# Brief
Nothing but the lines below from the one holding "The beauty of" up to and including the one holding "Hey everyone, welcome" should be copied, exactly and without pictures.

# Data in this exercise
========================================

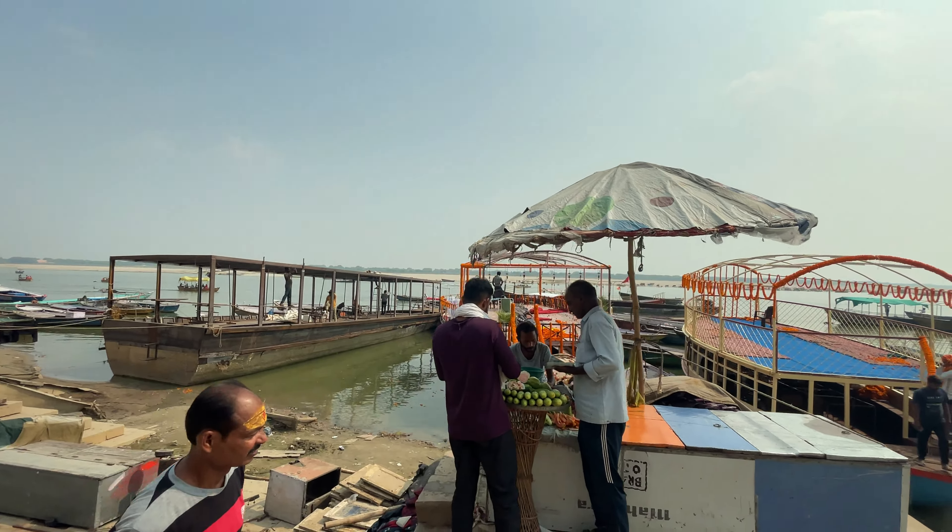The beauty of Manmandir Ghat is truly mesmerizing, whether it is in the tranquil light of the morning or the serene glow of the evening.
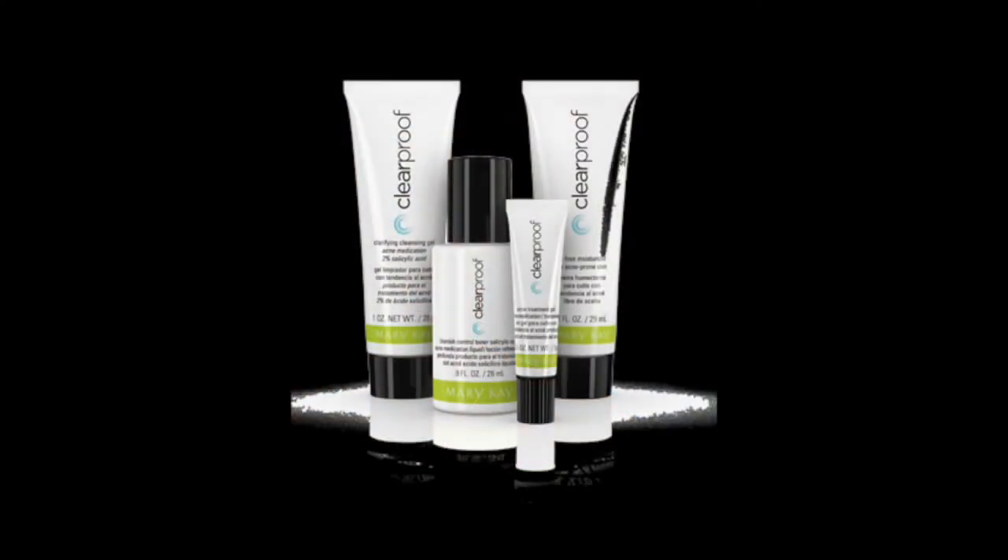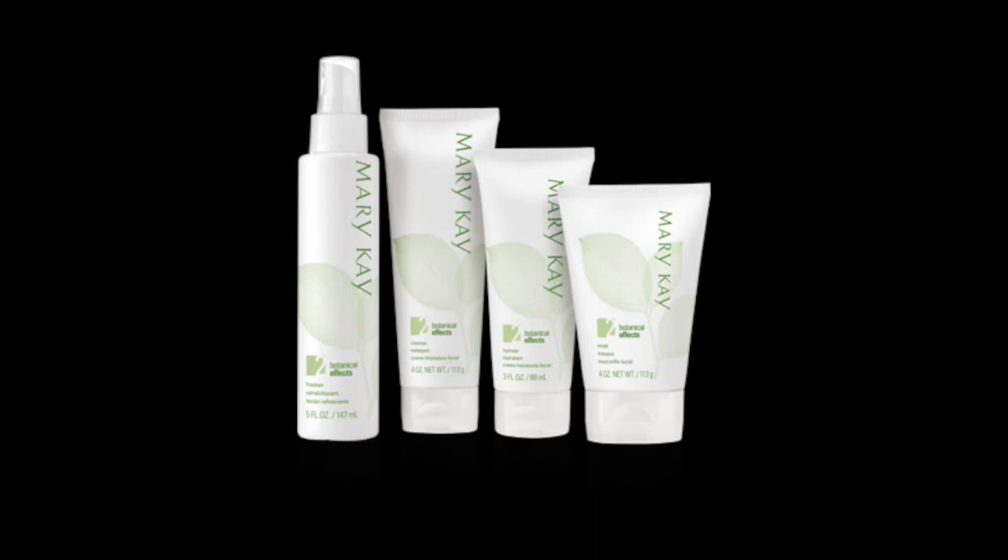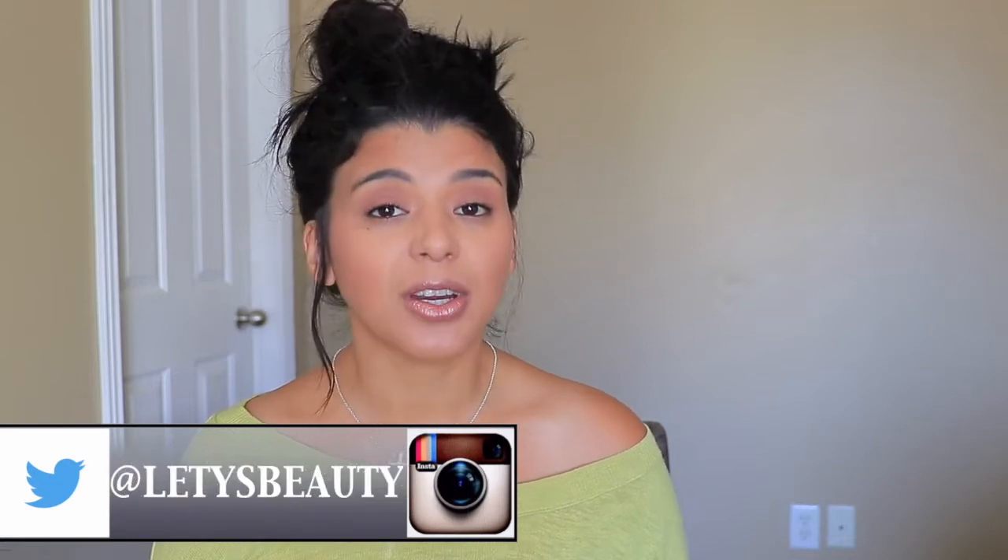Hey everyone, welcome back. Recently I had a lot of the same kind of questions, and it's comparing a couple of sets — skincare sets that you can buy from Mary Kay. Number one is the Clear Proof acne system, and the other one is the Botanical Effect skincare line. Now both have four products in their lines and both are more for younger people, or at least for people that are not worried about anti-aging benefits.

========================================

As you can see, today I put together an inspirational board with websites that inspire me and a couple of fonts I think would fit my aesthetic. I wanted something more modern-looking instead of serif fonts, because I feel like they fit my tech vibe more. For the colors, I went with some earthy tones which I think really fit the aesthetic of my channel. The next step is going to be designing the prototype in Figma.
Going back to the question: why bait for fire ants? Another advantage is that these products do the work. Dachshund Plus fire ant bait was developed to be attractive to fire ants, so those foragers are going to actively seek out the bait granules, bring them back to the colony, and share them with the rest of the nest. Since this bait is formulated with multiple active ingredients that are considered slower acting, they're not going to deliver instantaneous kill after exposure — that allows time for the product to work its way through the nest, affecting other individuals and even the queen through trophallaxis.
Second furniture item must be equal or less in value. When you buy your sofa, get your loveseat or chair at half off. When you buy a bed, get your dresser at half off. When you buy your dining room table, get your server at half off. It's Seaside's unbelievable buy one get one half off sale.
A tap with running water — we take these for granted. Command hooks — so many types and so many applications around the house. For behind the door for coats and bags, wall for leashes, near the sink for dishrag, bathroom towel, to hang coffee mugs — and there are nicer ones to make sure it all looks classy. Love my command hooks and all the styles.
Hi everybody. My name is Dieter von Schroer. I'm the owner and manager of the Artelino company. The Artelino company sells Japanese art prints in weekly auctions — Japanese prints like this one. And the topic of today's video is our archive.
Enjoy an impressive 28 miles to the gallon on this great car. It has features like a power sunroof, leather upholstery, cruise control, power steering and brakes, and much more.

========================================

# Exercise answer
The beauty of Manmandir Ghat is truly mesmerizing, whether it is in the tranquil light of the morning or the serene glow of the evening.
Hey everyone, welcome back. Recently I had a lot of the same kind of questions, and it's comparing a couple of sets — skincare sets that you can buy from Mary Kay. Number one is the Clear Proof acne system, and the other one is the Botanical Effect skincare line. Now both have four products in their lines and both are more for younger people, or at least for people that are not worried about anti-aging benefits.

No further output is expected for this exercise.